Nature, some Very Old Tombs, and a Slavic Ringwall
The Baltic Sea coast and the landscape further inland are beautiful in a way different from the mountains of the Harz and Meissner or along the Weser; places I’ve frequently blogged about. But I love the northern part of Germany and the sea very much.
Hiddensee island, the coast of the Baltic Sea
Offshore of Stralsund are two islands, Rügen and the smaller Hiddensee. Fortunately, one day turned out to be sunny, and I decided to take a ship over to Hiddensee and do some hiking in the dunes, juniper heath and beech forests of this lovely island.
Hiddensee, the lagoon side seen from the lighthouse
There are no cars on Hiddensee (except for an ambulance and a small school bus) so you have to use your feet, a bicycle, or a horse coach to get around. I’d read about Hiddensee in a children’s book many years ago and was devastated when my parents told me it was in the GDR and we could not go there. Well, there’s no longer a GDR and now I could go there.
Riparian forest at the river Wakenitz
The Wakenitz is a river which springs from the Ratzeburg Lake and confluences into the Trave near Lübeck. The river had been the border between West-and East-Germany and therefore remained a wilderness with riparian forests framing its shores. There’s a ship tour from the Ratzeburg Lake to Lübeck which turned out to be one of the most beautiful ones I ever did.
The bay of Wismar, seen from the cog Wissemara
Another fun ship tour I did was an afternoon out at sea on the reconstruced cog Wissemara.

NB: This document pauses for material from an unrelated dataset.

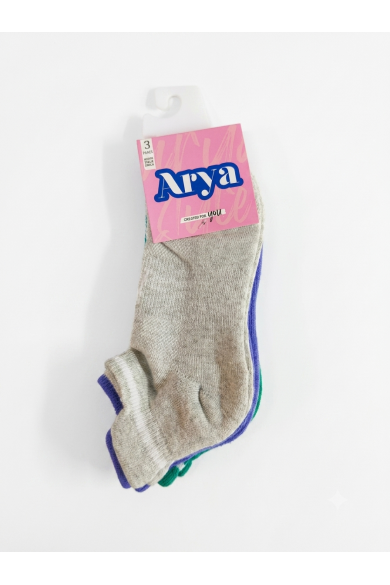 CALCETINES (3) ARYA MUJER FLAG MULTICOLOR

It is modeled after a wreck dating to 1560 which had been found near the Poel peninsula in 1999. When I was in Wismar in 2004, I came across the construction site of the cog, so being able to sail with her now was a special experience.
One of several Neolithic burials near Grevesmühlen
Mecklenburg-Vorpommern is rich in tombs from the Neolithic Funnelbeaker culture (3,500 – 3,200 BC). We got the simple dolmen type, the great dolmen, the passage grave, and the long barrow. The boulders used to erect them are glacial erratics. There are several burial sites in the Everstorf Forest near Grevesmühlen.
The dolmen called Devil’s Oven
Those giant stone structures led to local legends. The dolmen above is called Devil’s Oven and the matching long barrow stone setting is the devil’s bed. Often, the extended dolmen are refered to as giant’s tombs with the usual legend about how someone tricked the giant and killed him.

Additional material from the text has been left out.